▶ _ABOUT THIS EXERCISE_: Only an exact repetition is needed: the lines from the start of the listing below through the line that contains "medicube Mini Booster", pictures omitted.

--------------------

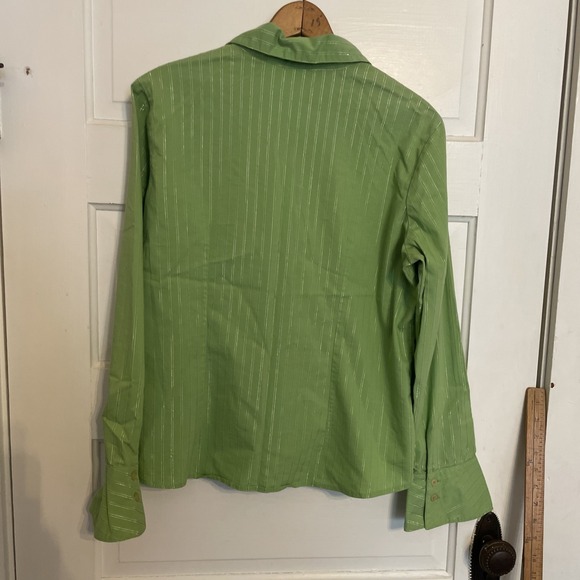 3 Women's Tops All Large, Dress, Button-up, Blouse - Picture 14 of 15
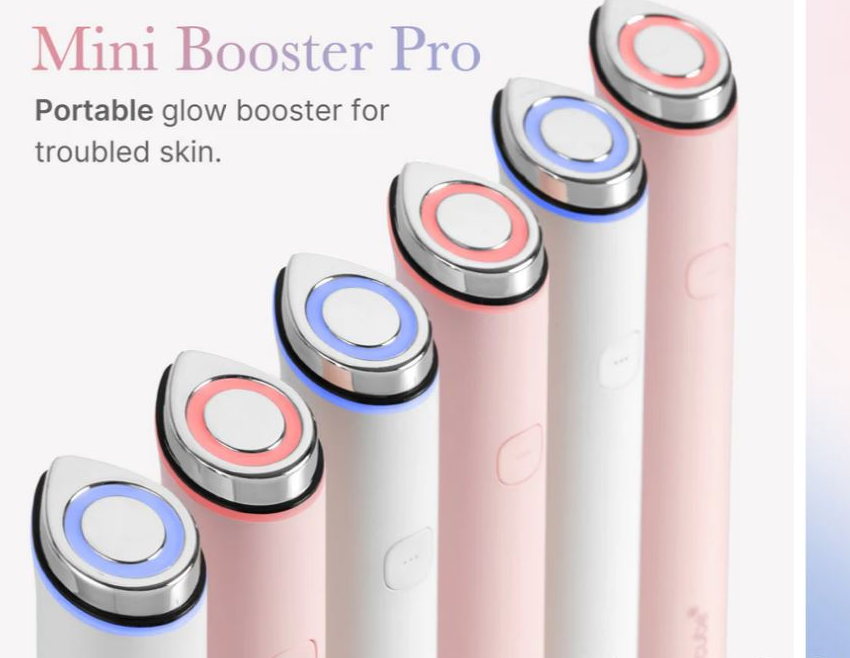 medicube Mini Booster Pro [US, Japan, Germany, India, UK, Uae, France, Italy, Brazil, Canada, Russia, South Africa, Australia, Kuwait, Mexico, Indonesia, Netherlands, Saudi Arabia, UKRAIN, Finland, POLAND, Singapore, Malaysia ]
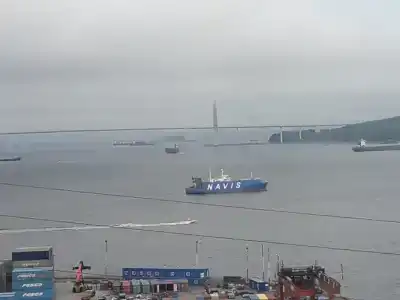 Отличная квартира с видом на море и мост - 127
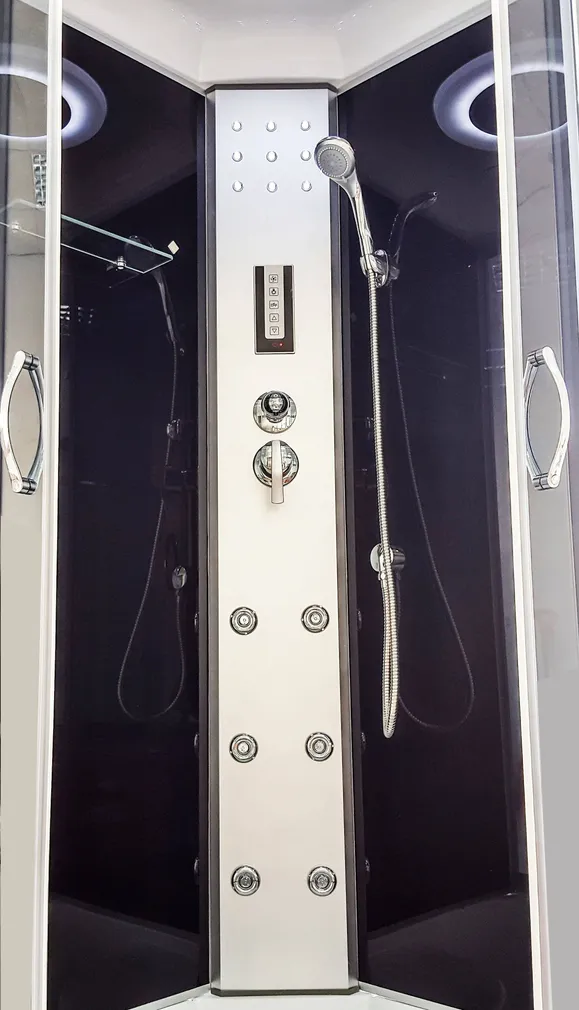 MASSAAŽIKABIIN MOONLIGHT HYDRO LUX 90X90X45/220CM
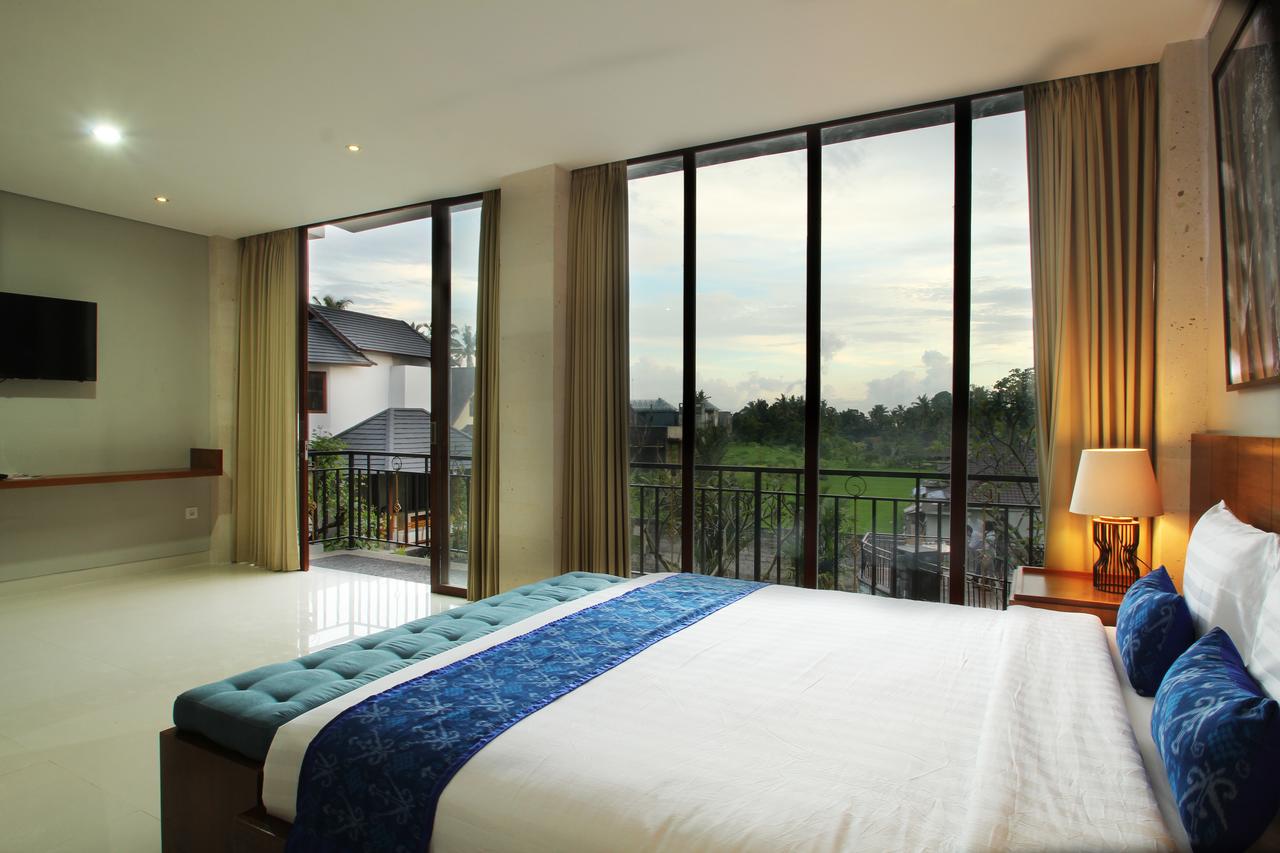 Bakung Ubud Resort & Villa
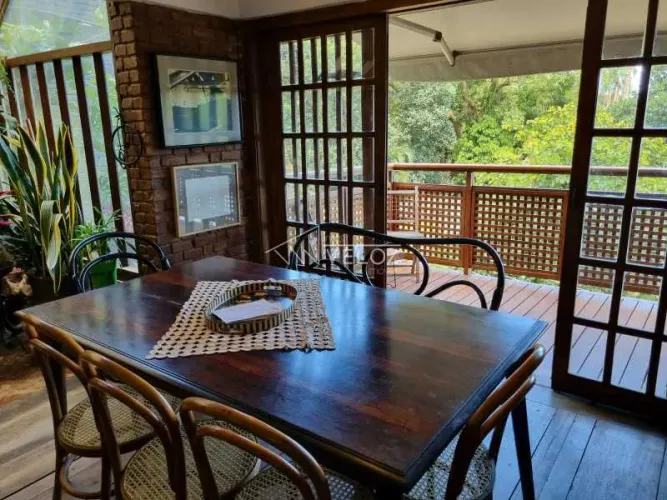 Casa em Condomínio - Duplex / Residencial / São Conrado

--------------------

▶ _EXERCISE SOLUTION_:
 3 Women's Tops All Large, Dress, Button-up, Blouse - Picture 14 of 15
 medicube Mini Booster Pro [US, Japan, Germany, India, UK, Uae, France, Italy, Brazil, Canada, Russia, South Africa, Australia, Kuwait, Mexico, Indonesia, Netherlands, Saudi Arabia, UKRAIN, Finland, POLAND, Singapore, Malaysia ]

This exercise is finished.